## SUPPLIED DATA:
....
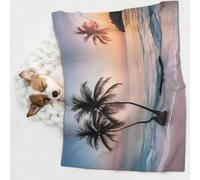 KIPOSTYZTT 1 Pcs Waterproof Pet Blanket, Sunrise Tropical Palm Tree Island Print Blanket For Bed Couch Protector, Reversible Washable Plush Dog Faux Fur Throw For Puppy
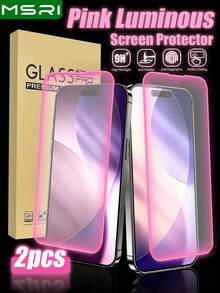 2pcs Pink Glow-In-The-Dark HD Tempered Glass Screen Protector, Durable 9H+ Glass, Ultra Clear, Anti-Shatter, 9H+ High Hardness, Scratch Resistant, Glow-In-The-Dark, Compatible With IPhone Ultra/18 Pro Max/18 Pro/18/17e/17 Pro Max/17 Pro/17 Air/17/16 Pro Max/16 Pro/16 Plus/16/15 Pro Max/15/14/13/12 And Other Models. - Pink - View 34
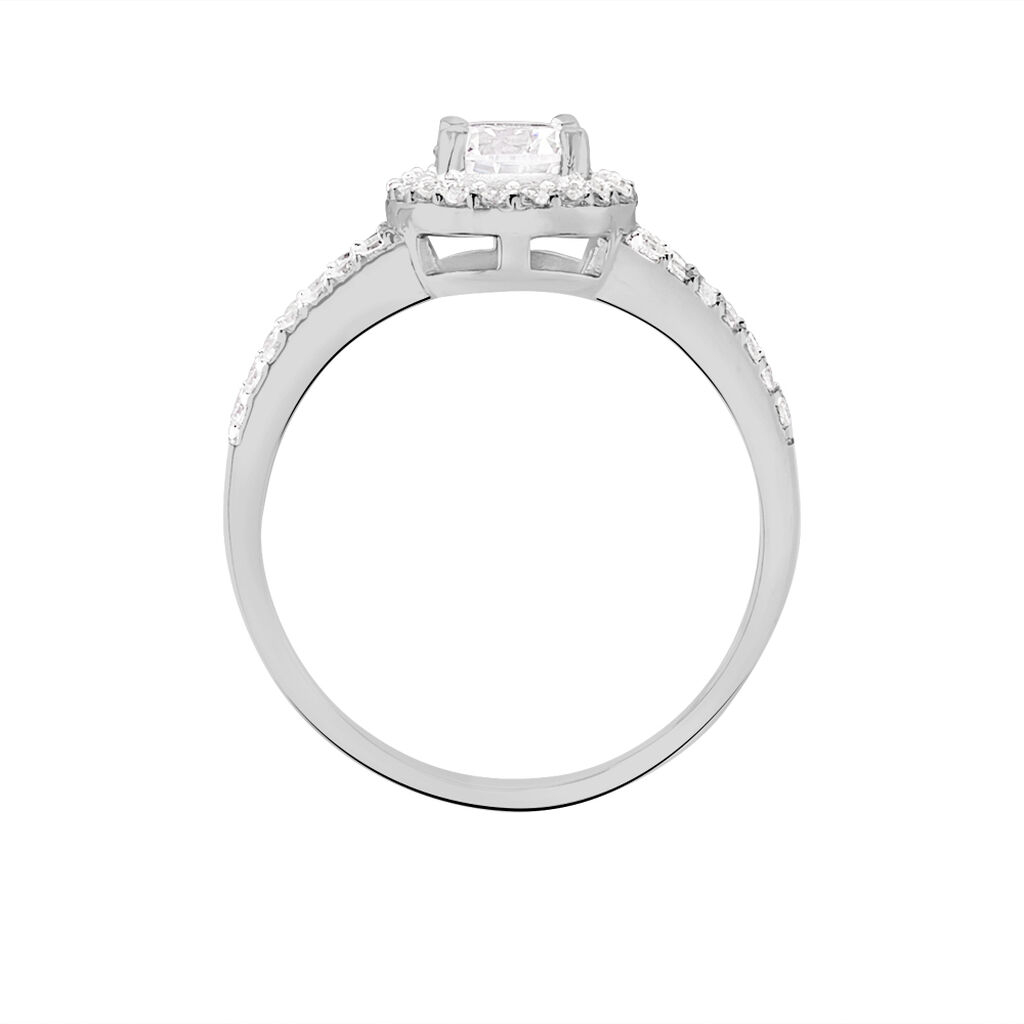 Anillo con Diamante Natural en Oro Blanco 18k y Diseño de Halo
....
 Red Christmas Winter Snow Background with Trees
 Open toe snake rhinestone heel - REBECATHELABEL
....
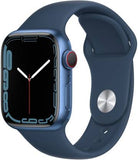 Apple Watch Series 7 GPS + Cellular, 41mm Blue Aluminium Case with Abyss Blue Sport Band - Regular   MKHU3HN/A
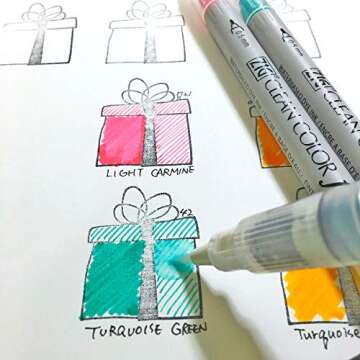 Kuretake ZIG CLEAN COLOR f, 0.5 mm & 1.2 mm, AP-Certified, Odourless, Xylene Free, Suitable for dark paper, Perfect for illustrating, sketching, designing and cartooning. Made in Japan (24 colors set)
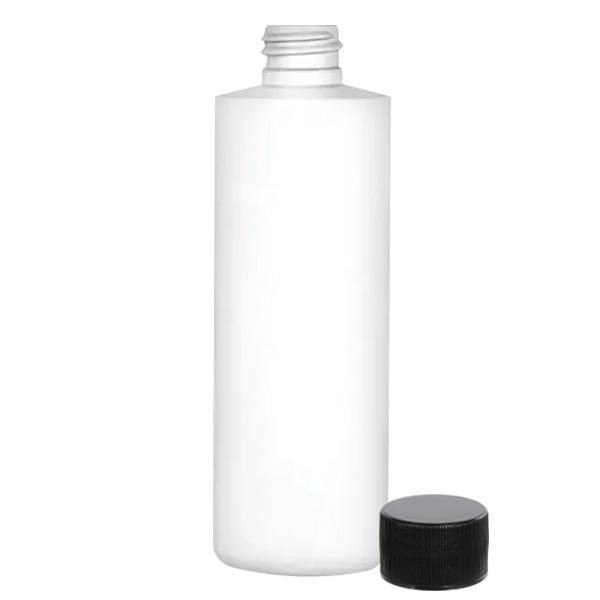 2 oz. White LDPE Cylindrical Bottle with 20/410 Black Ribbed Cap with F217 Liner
....
## WORK TO BE COMPLETED:
Beginning with the line above that contains "KIPOSTYZTT 1 Pcs" and finishing with the line that contains "Anillo con Diamante", print those lines exactly and only. Skip all pictures.

## SOLUTION FOR THIS EXERCISE:
 KIPOSTYZTT 1 Pcs Waterproof Pet Blanket, Sunrise Tropical Palm Tree Island Print Blanket For Bed Couch Protector, Reversible Washable Plush Dog Faux Fur Throw For Puppy
 2pcs Pink Glow-In-The-Dark HD Tempered Glass Screen Protector, Durable 9H+ Glass, Ultra Clear, Anti-Shatter, 9H+ High Hardness, Scratch Resistant, Glow-In-The-Dark, Compatible With IPhone Ultra/18 Pro Max/18 Pro/18/17e/17 Pro Max/17 Pro/17 Air/17/16 Pro Max/16 Pro/16 Plus/16/15 Pro Max/15/14/13/12 And Other Models. - Pink - View 34
 Anillo con Diamante Natural en Oro Blanco 18k y Diseño de Halo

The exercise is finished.